The instinct to “leave the leaves,” however, is a good one, when managed properly. Even if you are a neat freak and can’t stand to see a leaf on the lawn, you have good options.

If you don’t mind mowing, set your mower on the mulch setting and go over your lawn twice to chop the leaves into small pieces and leave them in the lawn as a natural fertilizer. Research has shown that lawns actually benefit from a thin layer of leaves. Unless the layer is very thick, chopped leaves don’t cause thatch. University researchers have compared lawns in which leaves were mowed in vs. raked off, and the leaves-on lawns came out healthier and better performing.

In areas where leaves should be removed or thinned, think about recycling them on site. Gather your leaves and chop them by running over them with the lawn mower or use a weed trimmer like an immersion blender in a garbage can loosely filled with leaves. The chopped leaves make an attractive mulch for your garden beds. The chopped leaves also break down faster than whole leaves, but both will provide nutrition for your plants, enrich the soul and encourage worms that will aerate your soil and work the nutrients into your plants root zone. Leaves can be piled up around ornamental trees, shrubs and perennials to no ill effect.

Leaf litter is important for your garden ecology for other reasons. The vast majority of butterflies and moths overwinter in the landscape as an egg, caterpillar, chrysalis or adult. In all but the warmest climates, these butterflies use leaf litter for winter cover. Beyond butterflies, native bumblebees also rely on leaf litter for protection. At the end of summer, mated queen bumblebees burrow only an inch or two into the earth to hibernate for winter. An extra thick layer of leaves is welcome protection from the elements. There are so many animals that live in leaves: Spiders, snails, worms, beetles, millipedes, mites and more. They support the chipmunks, turtles, birds and amphibians that rely on these insects for food.

It’s easy to see how important leaves really are to sustaining the natural web of life.

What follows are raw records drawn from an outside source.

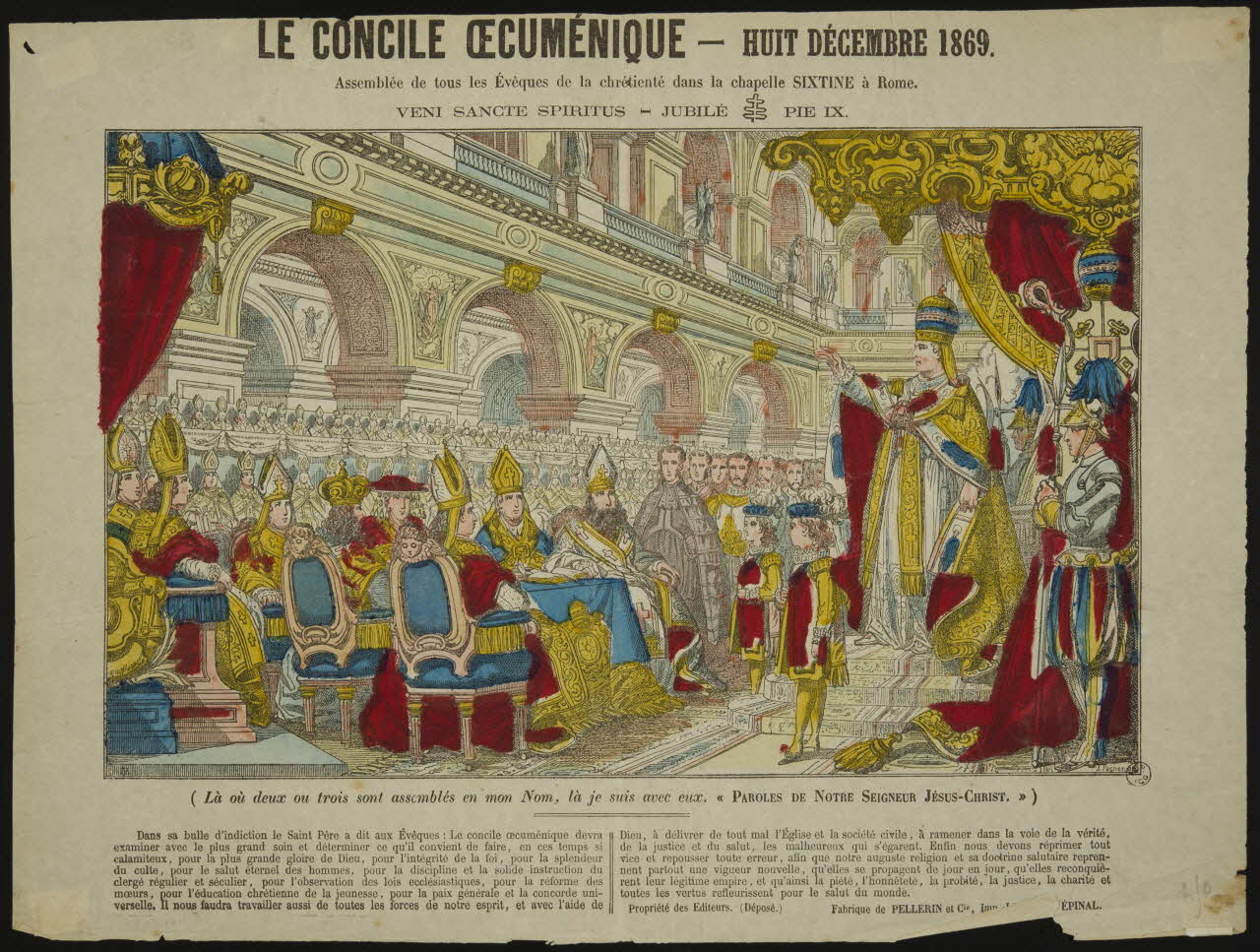 estampe LE CONCILE OECUMENIQUE - HUIT DECEMBRE 1869. 1953.41.36 Photo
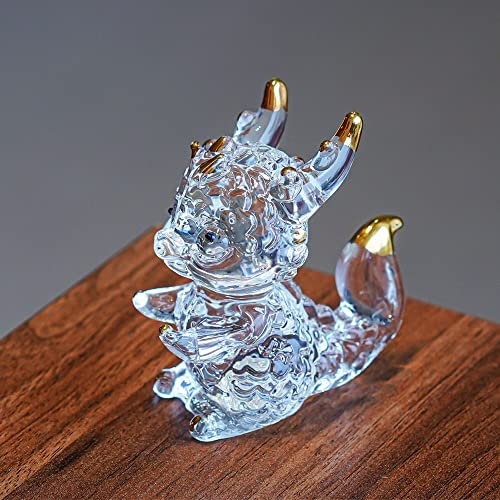 HDCRYSTALGIFTS 7,6 cm Kristalldrachen-Figur, Sammlerstücke, Kunst, Glas, Tier-Ornament, Dekoration für Büro, Tisch, Zuhause, Schlafzimmer
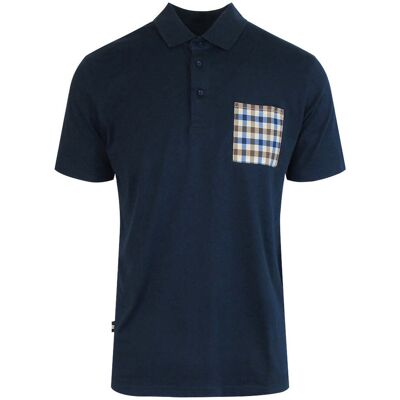 Aquascutum Active Beach Sailor Check Polo Navy Marine XL Aquascutum Active Beach Sailor Check Polo Navy Marine XL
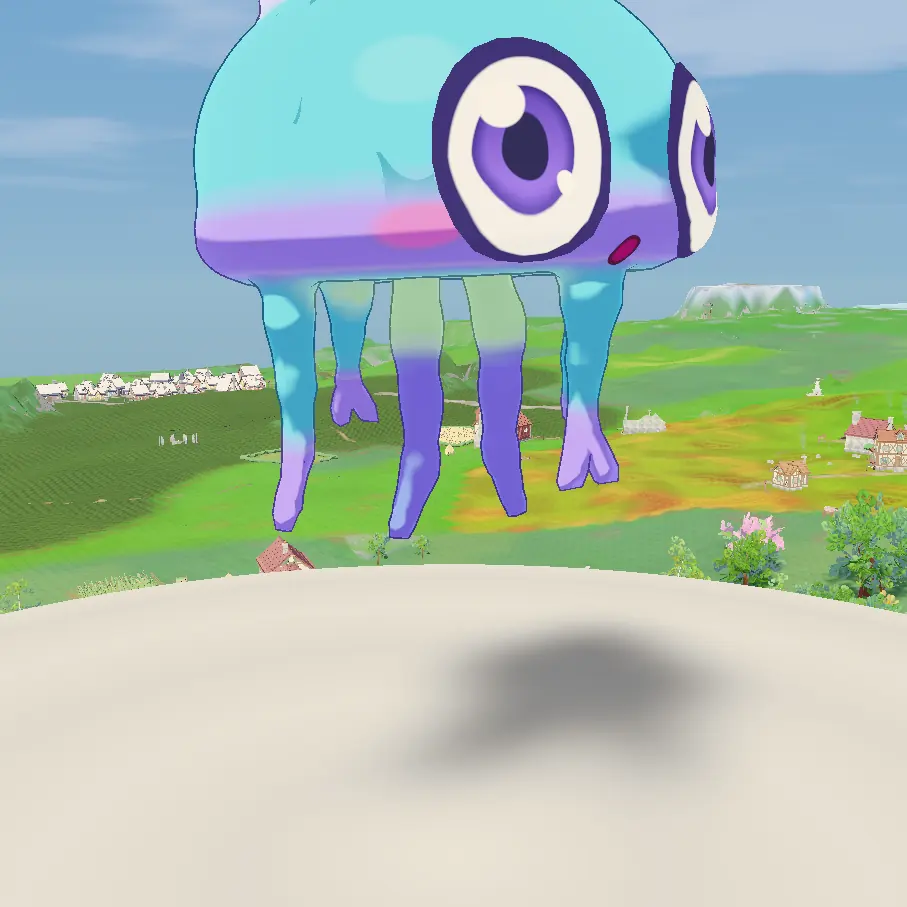 A floating turquoise jellyfish with one big eye and pastel tentacles.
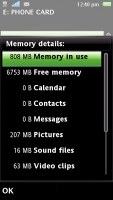 Sony Ericsson Satio screenshot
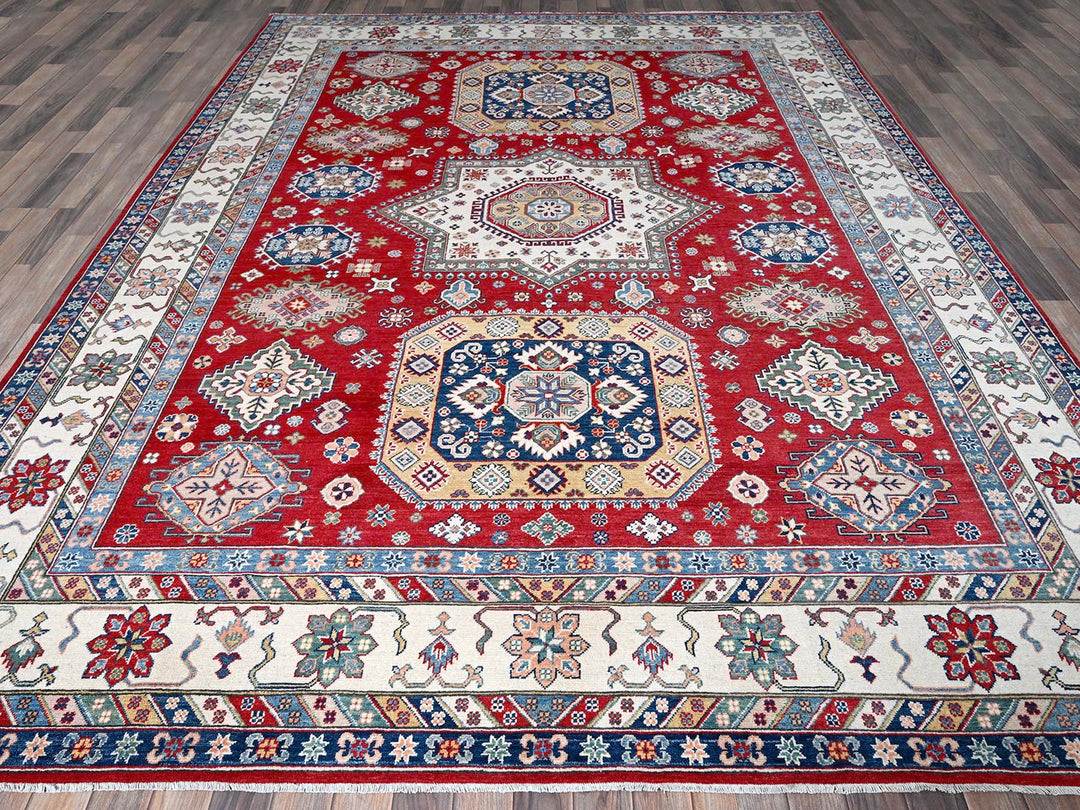 9'0" x 11'11" New Hand Knotted Red Wool Rectangle Oriental Rug - MOA102515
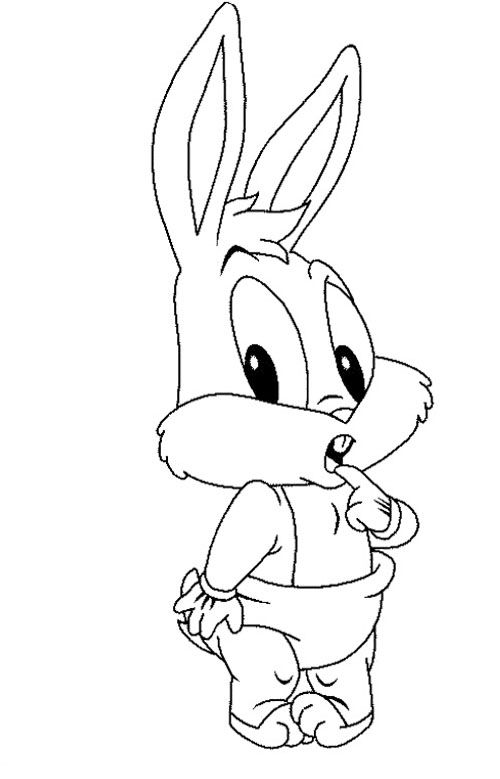 500x779 Baby Bugs Bunny Coloring Page Conejitos Colorear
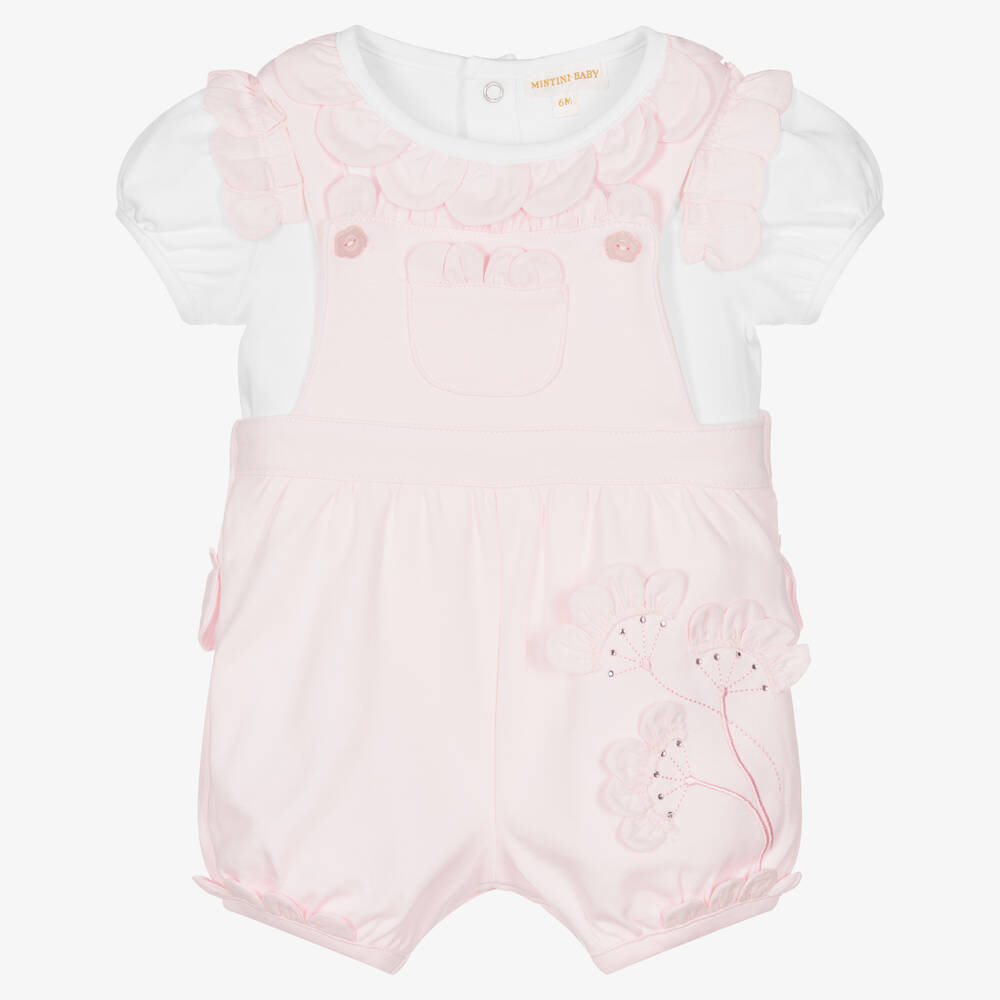 Mintini Baby - Baby Girls Pink Shorts Set | Childrensalon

If you are hesitant to leave the leaves in your lawn, you can also compost your leaves simply by piling them up in a corner of your yard and letting Mother Nature do the work for you. The leaves in your compost pile need not be shredded first. They will decompose faster if you occasionally turn the pile. In time you will be rewarded with rich compost for your patience.

If you want to dispose of your leaves, Bartlett Public Works provides many options:

  • Yard waste carts: The city offers a 95-gallon yard waste cart for purchase to its residents for $50. This cart is used for mulchable materials only such as leaves, sticks, and small trimmings and other organic yard waste. Unfortunately, these carts cannot be used for grass clippings because there are no mulch contractors that will accept grass clippings. Once purchased, the cart is the property of the resident. A maximum of three yard waste carts per residence is allowed. The City then takes these material to a recycling center to be turned into mulch and compost.
  • Bagging: You can bag your leaves and place them at the curb for collection on your scheduled pickup day. Leaf bags should weigh no more than 50 pounds each. At no time are leaf bags to be placed in the roadway. Leaf bags should not be placed under low-hanging power, cable or phone lines, in drainage ditches, around fire hydrants, next to utility poles or their support cables, cable or phone boxes, power transformers or mailboxes.
  • Loose-leaf collection: From Nov. 1 through March 31 only loose leaves will be collected by the city’s leaf vacuum trucks. During this time residents may place their loose leaves at the curb or shoulder of the roadway in a dome-shaped pile or windrow. The leaf pile or windrow should be loose leaves only and be free of all other debris such as limbs, sticks or twigs.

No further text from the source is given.